Analyse: Neues Treffen zur Krim-Krise Chance für Diplomatie?
Riad/Moskau (dpa) - Diesmal lässt Barack Obama nicht locker - und das könnte sich auszahlen. Egal, wo der US-Präsident zuletzt auftauchte, ob in Den Haag, Brüssel, Rom oder Riad: Deutlich kritisierte er Wladimir Putin für die Annexion der völkerrechtlich zur Ukraine gehörenden Krim.
Jetzt, mitten in einem wichtigen Besuch in Saudi-Arabien, klingelte plötzlich sein Telefon. Die Überraschung stand den Regierungsbeamten im Pressehotel ins Gesicht geschrieben, als am anderen Ende Kremlchef Putin zu hören war. Denn zuletzt war es meist Obama, der in der tiefsten Krise seit dem Ende des Kalten Krieges zum Hörer griff.
Eine Stunde dauerte das Gespräch, und die Staatschefs vereinbarten unter anderem ein erneutes Treffen ihrer Außenminister. Noch am Sonntagabend sollten John Kerry und Sergej Lawrow in Paris zusammenkommen.

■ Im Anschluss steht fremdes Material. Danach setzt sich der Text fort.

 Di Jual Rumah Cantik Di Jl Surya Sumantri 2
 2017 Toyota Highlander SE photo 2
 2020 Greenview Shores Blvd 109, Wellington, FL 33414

Doch Lawrow dämpfte vor seiner Abreise in die französische Hauptstadt die Erwartungen. Appelle nach einer „Herausgabe“ der Krim seien „absolut aussichtslos“, sagte der russische Chefdiplomat im Staatsfernsehen. Noch vor einigen Wochen war dies aber die Hauptforderung im schriftlichen Lösungsvorschlag, den Kerry seinem Amtskollegen überreicht hatte. Jetzt war augenfällig, dass das Wort Krim in der Mitteilung des Weißen Hauses zum Telefonat der Präsidenten nicht vorkam. Was bleibt also auf dem Verhandlungstisch?

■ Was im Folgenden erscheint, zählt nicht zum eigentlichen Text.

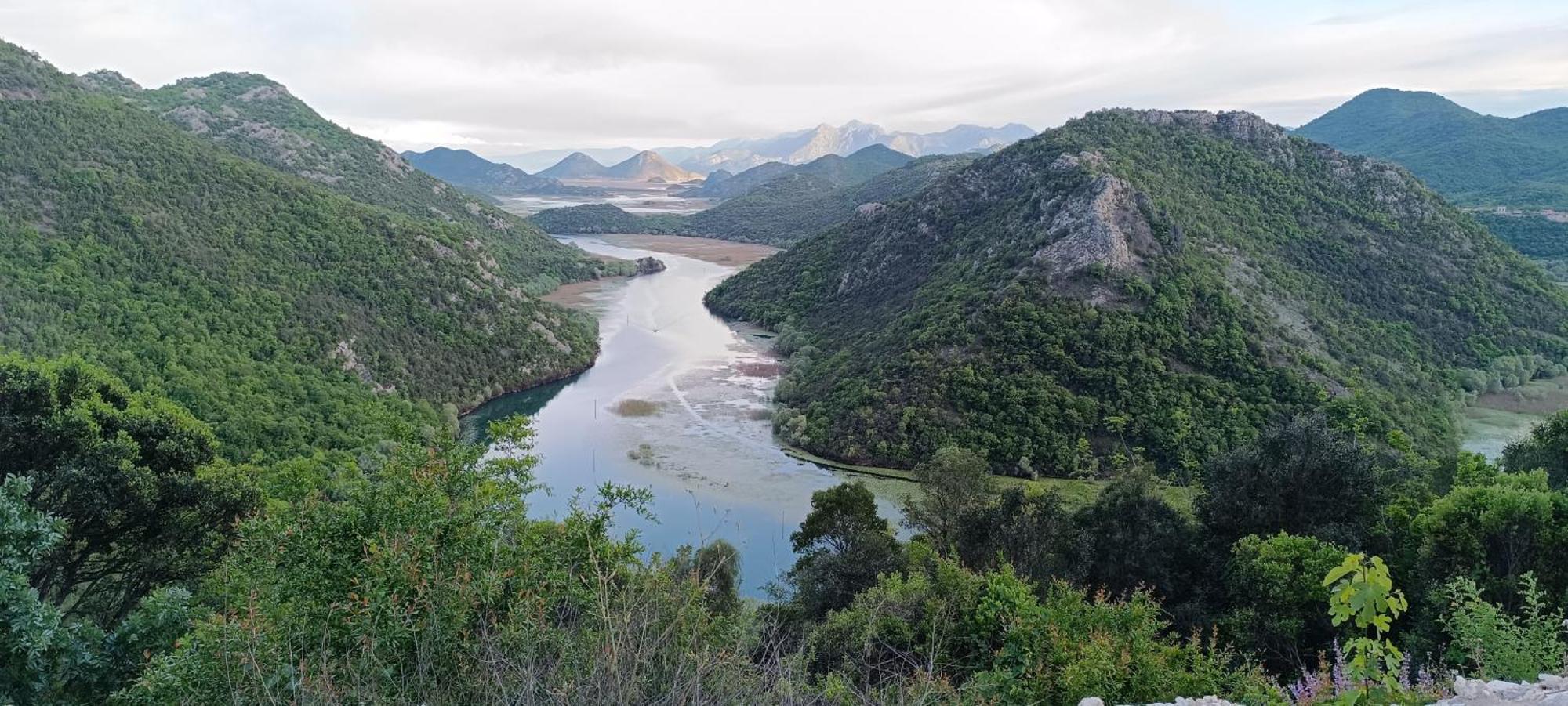Holiday Home Haustor With Skadar Lake View Podgorica Exterior foto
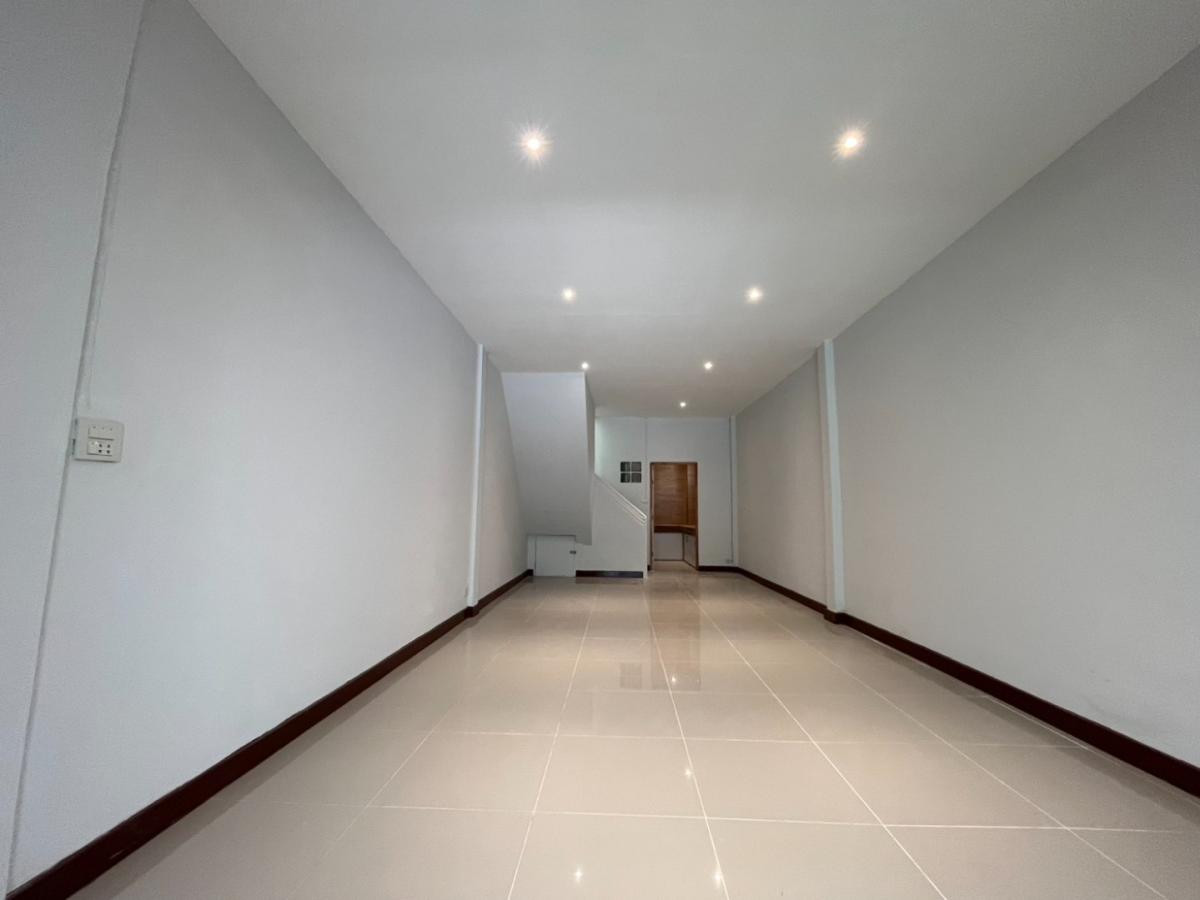 ขายทาวน์โฮมโชคชัย4 ลาดพร้าว71 : 🏡 ทาวน์โฮม ลาดพร้าว 48 | ใกล้ MRT สุทธิสาร รีโนเวทใหม่ ขาย 3.5 ล้านบาท 📞: 065-626-5636 (คุณกี้)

Der einflussreiche russische Außenpolitiker Alexej Puschkow schließt ein Nachgeben des Kremls in den wesentlichen Fragen aus. Eine US-Weltordnung nach dem Motto „Pax Americana“ (amerikanischer Friede) werde es nicht geben. Sogar Obama rücke ja mittlerweile vom „Mythos“ ab, der Machtwechsel in Kiew sei sauber und demokratisch verlaufen, behauptete Puschkow beim Kurznachrichtendienst Twitter.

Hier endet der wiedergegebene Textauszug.